The owner or manager of a remodeling firm often assumes multiple roles designer, estimator, salesperson, supervisor and recruiter, to name a few. Juggling all these responsibilities can be exhausting, and, worse, it may prevent you from contributing the most value to your company and its clients.
Remodelers often are "outrageously overworked," say Linda Case and Victoria Downing, remodeling consultants and authors of Mastering the Business of Remodeling. They recommend that overworked remodelers assess whether they’re taking on too much work or just mismanaging their time. Often, both factors contribute to burnout.
They offer these 10 tips for lightening your workload and managing your time more efficiently:
- Keep a log. Chances are you're so busy you haven't really thought about how you're divvying up your time. "Time-pressed remodelers should analyze their activities to focus on those with the highest impact within the company," Downing says. She suggests keeping a two-week log of all work activities (such as job-site visits, material takeoffs and communication with clients), noting how long each one takes. The log will give you the big picture of a typical workweek and help you see where your time might be better-spent.

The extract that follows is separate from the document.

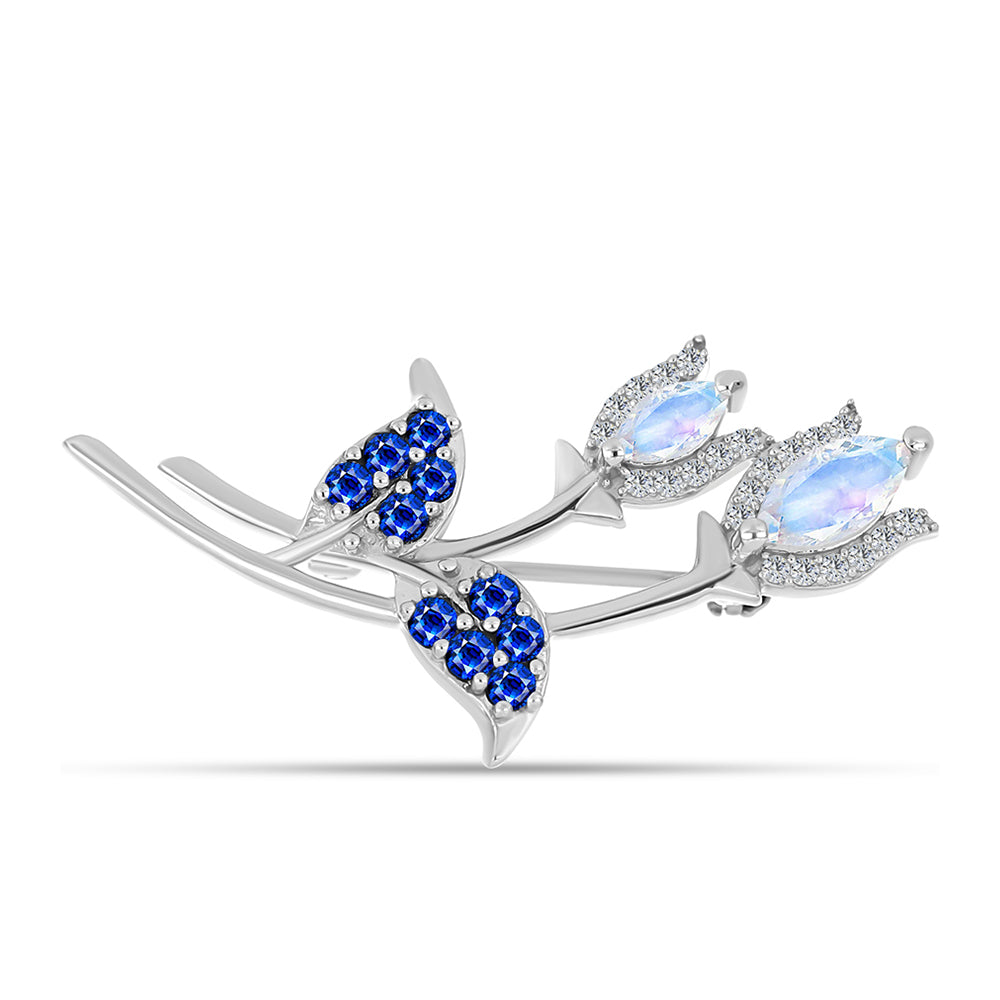 Broche de Plata con Zafiro Azul Australiano y Piedra Lunar Arco Iris 1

- Delegate. If you discover you're using time unwisely, entrust tasks to others in your firm or outsource the work. If anyone else is able to do the work competently for less than your own rate, hand it over. "It's easy to find someone to do your books or to send out marketing materials, but it's hard to find anyone else who can think strategically about the business or do the planning that's so important if the business is to be successful," Downing says.

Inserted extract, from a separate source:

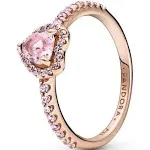 Pandora Rose Sparkling Elevated Heart Ring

- Train employees well. You won't feel uneasy about letting employees take charge if you have total confidence in their abilities. Help them master the skills essential to the job, whether you conduct the training yourself or enroll employees in job-related training programs. The payoff: a motivated workforce with the know-how necessary to make smart decisions without your supervision.
- Devote a day to the office. Don't spend most of your time in the field and neglect essential office work, such as completing estimates and following up with clients. Downing and Case suggest spending four days in the field and a full day in the office every week. Remodeling contractors who have adopted this approach save time because they can focus on tasks without interruption.
- Don't micromanage. Let your office staff and field crews carry out the everyday tasks you've trained them to do. If they're constantly looking over their shoulders knowing that you could show up any minute, it not only creates tension for them but also takes you away from more important duties such as business planning and networking.
- Prioritize. Focus your efforts on the work that's most urgent. Set A-B-C goals for the day and complete all "A" tasks before moving on to less important "B" and "C" activities.
- Get organized. Take advantage of computer technology by using scheduling and database software to plan your activities, manage appointments and keep track of client addresses and project history.
- Don't procrastinate. Don't squander your time by setting work aside that you can tackle now. Handle work only once rather than facing it again later. That advice applies to both paperwork and business decisions.
- Know your work style. Do you wake up in the morning exploding with energy but lose steam by the end of the day? If so, try to schedule your most challenging tasks, such as job-site supervision, training and recruiting, for when you're at your peak. Save the end of the day for less draining work, such as preparing contracts or ordering materials.
- Recharge your batteries. The day-to-day drudgery of running a business can sap your energy. Recharge by getting away from the job to re-connect with yourself and your community. One way to revive your spirits is through volunteer work.